I asked everyone what "repent" means, and they remembered that it simply means "change". I explained that we were going to talk about two ways to try to repent: 1) the traditional focus on recognizing past sins and committing to not repeat them; 2) changing our very nature by developing characteristics that will help us not feel and act in the same way we naturally would.

I mentioned that the first approach (the traditional steps of repentance method) is necessary for "hardcore" sinners (similar to what addicts might have to do because they might struggle with a temptation all their lives but simply have to commit to a sheer force of will no matter how long it takes, along with other strategies), but that, for most people, just suppressing an inclination generally results in that inclination eventually erupting through built-up pressure - which, as one student said, leads to a vicious cycle of failed attempts and self-criticism.

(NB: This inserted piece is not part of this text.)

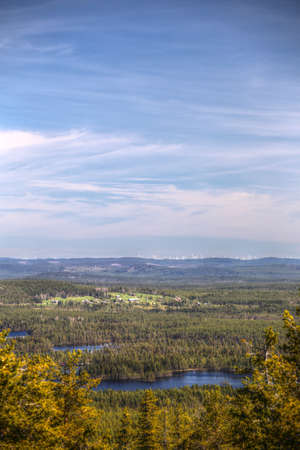 Scenic lakes and houses seen from Swedish mountain Stor-Sandberget.の写真素材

I call this reactive repentance, and I stressed that the ONLY focus of this sort of repentance is to remain as good as we are at any given point - to not let our "badness" overcome our goodness, so to speak. There is no real "growth" in that approach; rather, it is much more of a fight to remain stationary.

The second approach is to recognize a weakness and work to develop a characteristic that will eliminate the inclination / weakness / undesired action. This also is focused on "change", so it is "repentance" every bit as much as the other approach. I call this approach proactive repentance. 

I asked the students if any of them had ever lost their temper and acted toward someone in a way that they regretted. (I picked a fairly generic issue in order to make it personal for all of them but avoid embarrassing anyone.) They all grinned and raised their hands. I asked them how they could change that - how they could go about trying to not do it anymore - other than simply committing not to do it. I asked them to think about exactly what they could do to tackle that particular issue. Eventually, we came up with the following:

1) Develop more patience;

2) Learn to understand the other person better - both their view/perspective and what things in their life might lead them to say and/or do something that bothered the students enough to get upset and lose their temper.

We talked about patience being the "lower" standard and understanding being the "higher" goal. One of the students in the class has Asperger's Syndrome and occasionally says something inappropriate or off the wall. He said it was okay to use him as an example, so we talked about why everyone else didn't get mad at him and lose their tempers when he said or did something that might make them mad if someone else said or did it. They all said they understand and love him - and, beside being a wonderfully tender moment, it helped them see what I meant about repentance being more than just not doing things. It also can mean doing something to improve one's self and change actions as a result, in this case by understanding someone enough to love them no matter what they say or do.

One student said he would like to read the scriptures more, so we talked about how repentance also can apply to things that aren't seen as sin but are strictly things we want to do better - things we want to change. For this discussion, I focused on the idea of needing to examine one's life and make "repentance" a very practical exercise. We talked about needing to think about themselves and when they are most alert - to look at their real-life schedule and choose a time that will work to read the scriptures - to actually calendar the time so it becomes habitual - to perhaps let others know so they can remind us of the commitment - etc. There were seven people in the room, and we came up with at least four approaches that would be best for someone.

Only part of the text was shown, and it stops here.